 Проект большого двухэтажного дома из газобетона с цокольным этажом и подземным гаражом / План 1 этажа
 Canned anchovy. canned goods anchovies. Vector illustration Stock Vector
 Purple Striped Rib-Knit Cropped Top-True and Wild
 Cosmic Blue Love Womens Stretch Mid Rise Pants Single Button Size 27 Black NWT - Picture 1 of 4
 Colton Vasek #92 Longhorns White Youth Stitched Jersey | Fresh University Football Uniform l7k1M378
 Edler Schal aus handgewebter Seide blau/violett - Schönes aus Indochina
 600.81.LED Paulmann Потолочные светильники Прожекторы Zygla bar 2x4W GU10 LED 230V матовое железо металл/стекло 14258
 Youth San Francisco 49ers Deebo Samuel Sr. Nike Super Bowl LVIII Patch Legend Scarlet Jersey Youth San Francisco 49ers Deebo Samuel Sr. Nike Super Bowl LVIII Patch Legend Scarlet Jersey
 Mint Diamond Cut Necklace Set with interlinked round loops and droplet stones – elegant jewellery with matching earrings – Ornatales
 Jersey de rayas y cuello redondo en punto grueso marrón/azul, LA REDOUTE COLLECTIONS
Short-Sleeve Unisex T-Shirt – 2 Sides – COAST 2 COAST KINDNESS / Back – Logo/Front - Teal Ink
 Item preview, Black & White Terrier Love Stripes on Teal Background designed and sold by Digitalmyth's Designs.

++++

- [Problem details]: The full listing needs to be transcribed exactly.

- [Response]:
 Проект большого двухэтажного дома из газобетона с цокольным этажом и подземным гаражом / План 1 этажа
 Canned anchovy. canned goods anchovies. Vector illustration Stock Vector
 Purple Striped Rib-Knit Cropped Top-True and Wild
 Cosmic Blue Love Womens Stretch Mid Rise Pants Single Button Size 27 Black NWT - Picture 1 of 4
 Colton Vasek #92 Longhorns White Youth Stitched Jersey | Fresh University Football Uniform l7k1M378
 Edler Schal aus handgewebter Seide blau/violett - Schönes aus Indochina
 600.81.LED Paulmann Потолочные светильники Прожекторы Zygla bar 2x4W GU10 LED 230V матовое железо металл/стекло 14258
 Youth San Francisco 49ers Deebo Samuel Sr. Nike Super Bowl LVIII Patch Legend Scarlet Jersey Youth San Francisco 49ers Deebo Samuel Sr. Nike Super Bowl LVIII Patch Legend Scarlet Jersey
 Mint Diamond Cut Necklace Set with interlinked round loops and droplet stones – elegant jewellery with matching earrings – Ornatales
 Jersey de rayas y cuello redondo en punto grueso marrón/azul, LA REDOUTE COLLECTIONS
Short-Sleeve Unisex T-Shirt – 2 Sides – COAST 2 COAST KINDNESS / Back – Logo/Front - Teal Ink
 Item preview, Black & White Terrier Love Stripes on Teal Background designed and sold by Digitalmyth's Designs.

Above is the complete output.